Migration guide

How to Move Tax Residency from Poland to Switzerland (2026)

Moving tax residency from Poland to Switzerland is the structural play for a Polish founder or family-office principal whose annual passive income is high enough that lump-sum taxation (forfait fiscal / Pauschalbesteuerung) beats every other European base on a risk-adjusted basis. The headline arithmetic: a top Polish burden of 32% PIT + 4% danina solidarnościowa + 4.9–9% uncapped NFZ is replaced by a single negotiated annual tax bill anchored on a CHF 435,000 federal minimum base (2026) plus the canton’s own minimum — typically landing somewhere between CHF 600,000 and CHF 1,500,000+ all-in depending on Zug, Geneva, Vaud or Valais. Two structural features make this corridor harder than it looks. First, the Polish exit tax under Articles 30da–30di of the PIT Act triggers at a PLN 4M asset threshold and the 5-year instalment deferral is not available for Switzerland because Switzerland is neither EU nor EEA. Second, although Poland and Switzerland do have a comprehensive double-tax convention in force since 1993 (Konwencja z 2 września 1991, amended by Protocol z 20 kwietnia 2010), Switzerland’s lump-sum holders face well-documented limitations on treaty access that must be planned around before the canton issues a ruling.

The Tax Delta at a Glance

Poland (current) Switzerland (after move, lump-sum)
Personal income tax 12% to PLN 120,000, then 32% above; PLN 30,000 tax-free Standard system 22–45% combined by canton — replaced by forfait (tax on imputed Swiss expenditure, federal minimum tax base CHF 435,000)
Solidarity surcharge (danina solidarnościowa) 4% on income above PLN 1,000,000/year None — absorbed into the lump-sum
Self-employed / business income 19% liniowa, or 8.5–17% ryczałt, plus 4.9–9% NFZ uncapped No gainful employment in Switzerland permitted under the forfait; passive asset management of own portfolio fine
Capital gains / dividends 19% flat (PIT-38) on listed shares, fund units, derivatives, crypto 0% federal CGT on private movable assets (incl. most privately-held crypto) outside professional-trader status; absorbed into forfait under lump-sum
Health contribution (NFZ) 4.9–9% of business income, uncapped Mandatory Swiss LAMal/KVG private cover ~CHF 4,000–10,000/yr per adult
Wealth tax None on net worth Cantonal/communal wealth tax 0.1–1% — applies under forfait based on imputed wealth
Inheritance / gift 3–20% (Group 0 close family fully exempt) Cantonal — most cantons fully exempt spouses and direct descendants; collateral relatives can hit double-digit rates
Annual property tax None on residential ownership Modest cantonal property tax / imputed rental income on owner-occupied homes
Corporate tax 19% CIT (or 9% small CIT) 11.85% Zug to ~21% Geneva combined federal+cantonal; OECD 15% top-up for groups above EUR 750M from 2024
VAT 23% standard 8.1% standard — among Europe’s lowest
Worldwide vs territorial Worldwide on Polish residents Worldwide under standard system; effectively expenditure-based under forfait
Effective rate (typical UHNW) ~32–36% top marginal + 4% solidarity + NFZ ~CHF 600K–1.5M flat annual cost regardless of global income

The right-hand column is achievable only after both legs close cleanly: cessation of unlimited Polish tax liability under Article 3 PIT, and a Swiss residence permit B with a written cantonal lump-sum ruling in hand.
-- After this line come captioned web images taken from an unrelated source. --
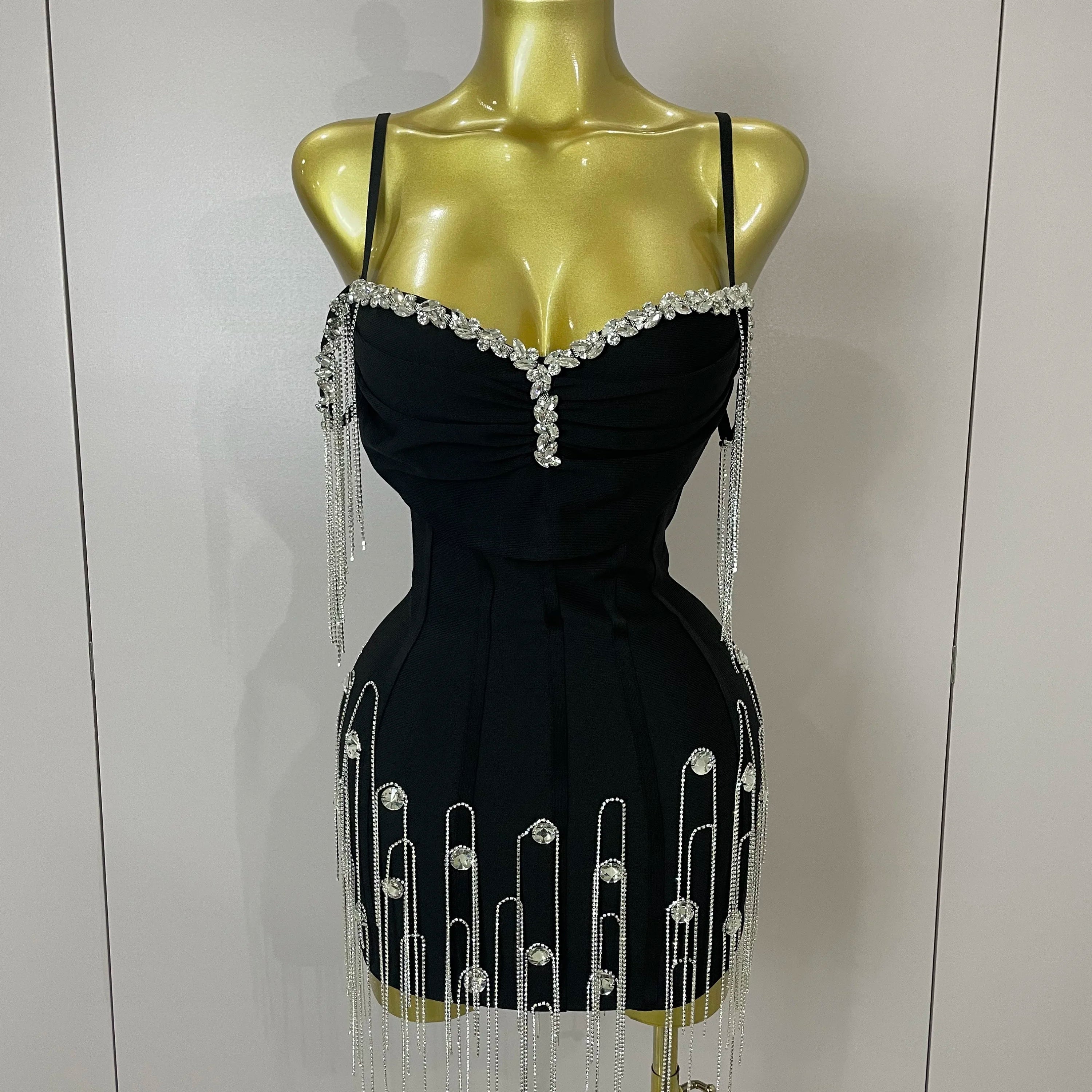 Sexy Backless Spaghetti Strap Black Sleeveless Bodycon Bandage Dress Women Elegant Prom Gown Club Evening Party Birthday Dresses black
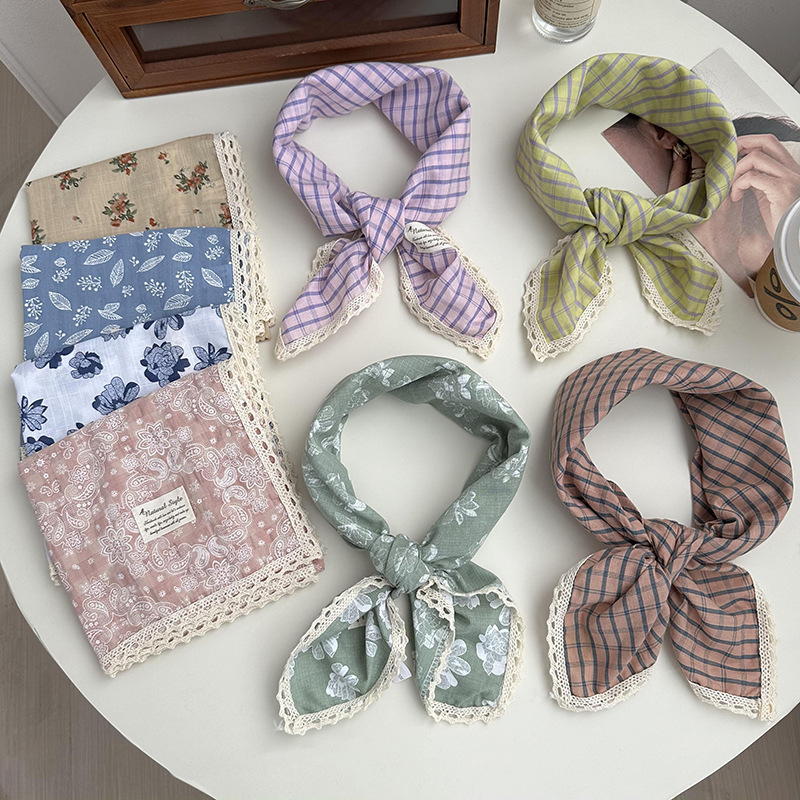 Bufanda cuadrada de encaje de moda de algodón y lino 60*60cm Bufanda de seda de flores de todo fósforo de ocio y arte Decoración fotográfica de vacaciones Accesorios para el cabello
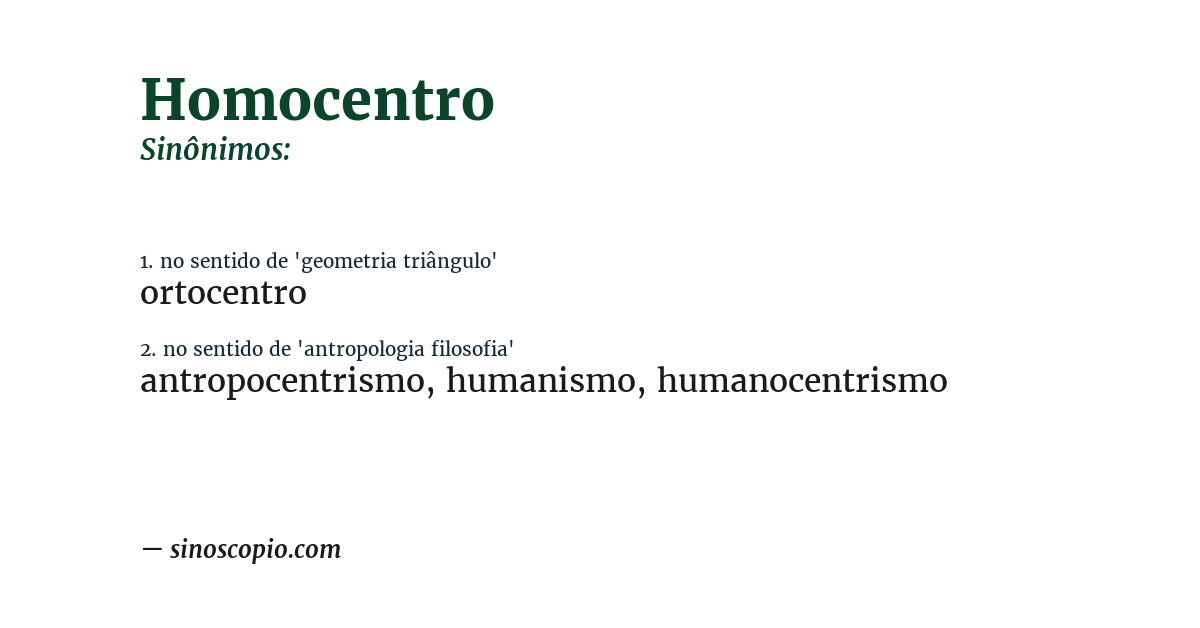 Sinônimo de homocentro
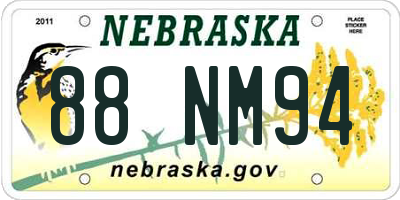 NE license plate 88NM94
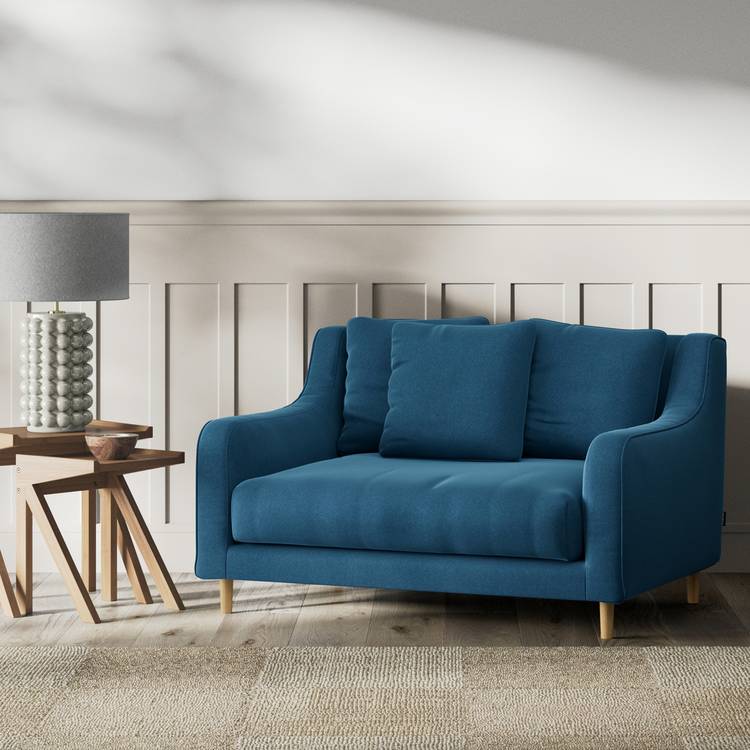 Habitat Swift Velvet  Cuddle Chair - Ink Blue - Ash Leg 0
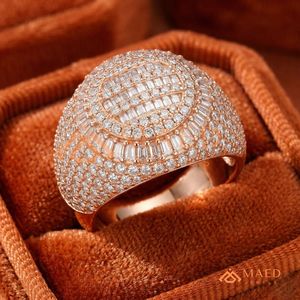 14K Rose Gold Plated Iced Out Dome <b>Ring</b> for Men VVS Moissanite Baguette Diamond Cluster <b>Statement</b> <b>Ring</b> Hip Hop Gold Jewellery - Product Image 3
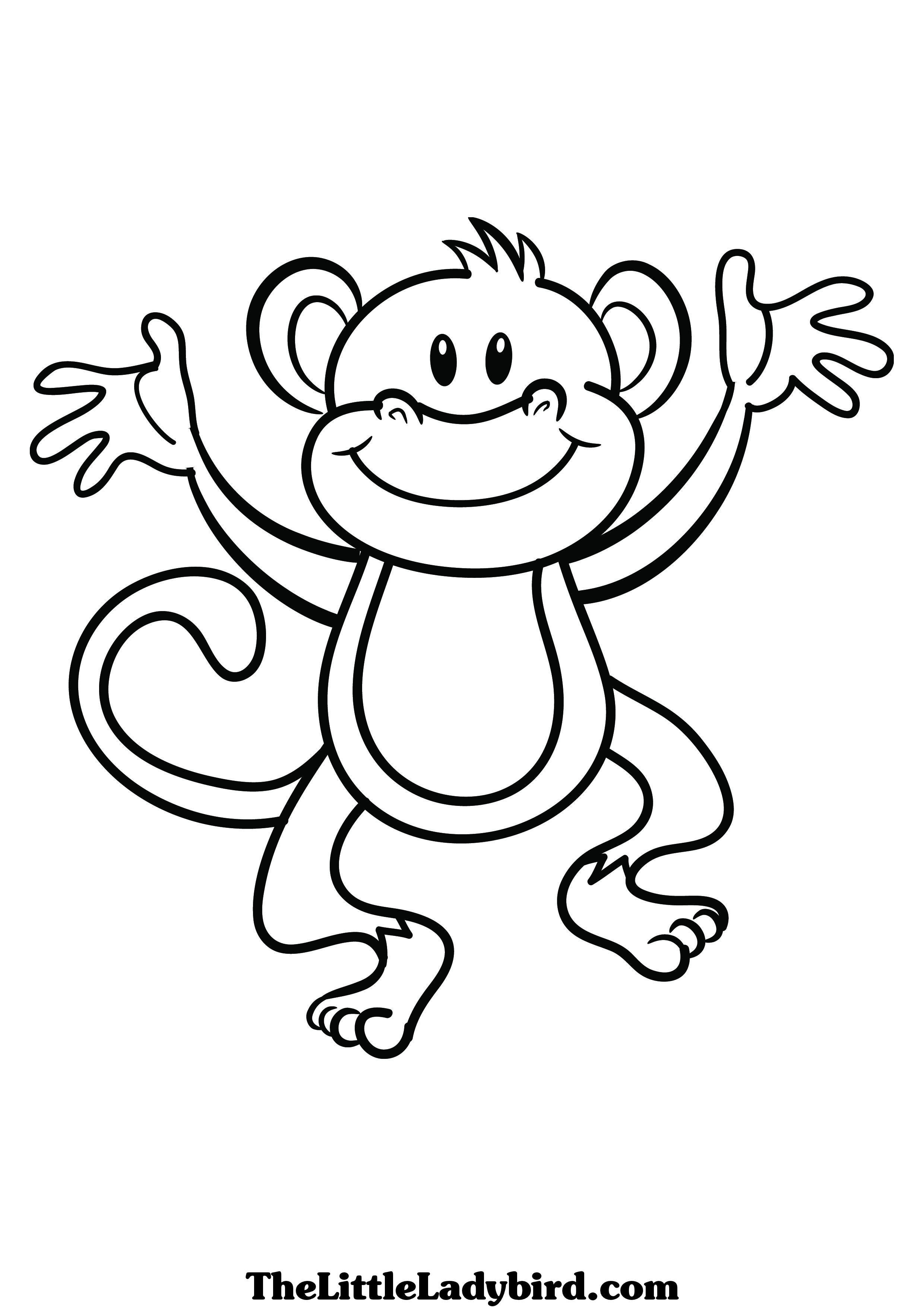  Monkey coloring pages | Monkey coloring page | #19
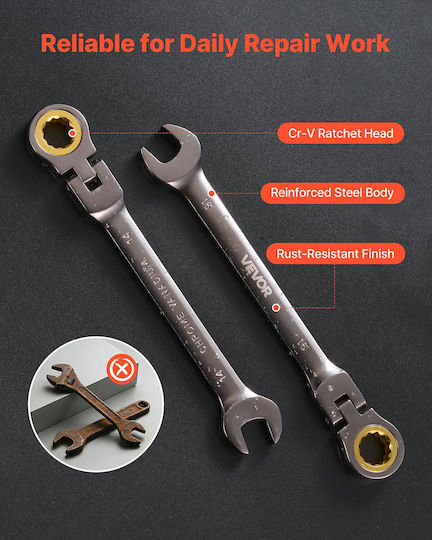 Vevor Set German Polygon Ratchet Ring 12 Pieces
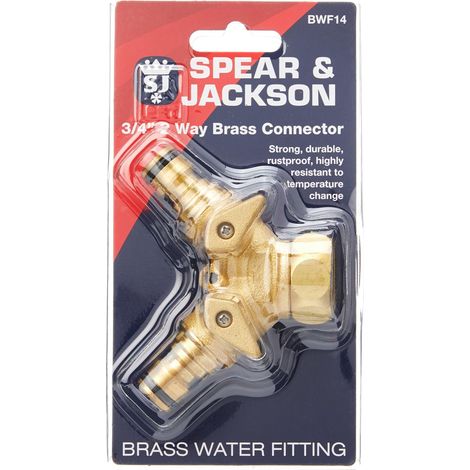 Spear & Jackson BWF14 Connettore per rubinetto a 2 vie in ottone da 3/4" (1/3)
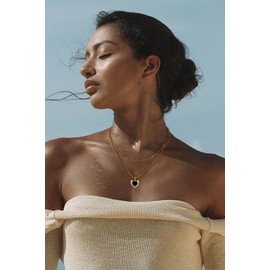 CLASSYZINT Gold Layered Heart Necklace Paperclip Choker Necklace Link Chain Necklace Vintage Necklace for Women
Until both files are intact, urząd skarbowy continues to treat the taxpayer as a Polish resident on worldwide income — and Switzerland’s negotiated forfait is irrelevant.

Step-by-Step Move

Step 1: Confirm you can legally cease Polish tax residency under Article 3 PIT

Polish tax residency is defined by Article 3(1a) of the Ustawa o podatku dochodowym od osób fizycznych. Either limb is sufficient to maintain nieograniczony obowiązek podatkowy:

  • Your center of personal or economic interests (ośrodek interesów życiowych) is in Poland — assessed holistically (spouse and minor children, principal employment or business activity, primary banking, immovable property, social ties); or
  • You spend more than 183 days in Poland in the tax year.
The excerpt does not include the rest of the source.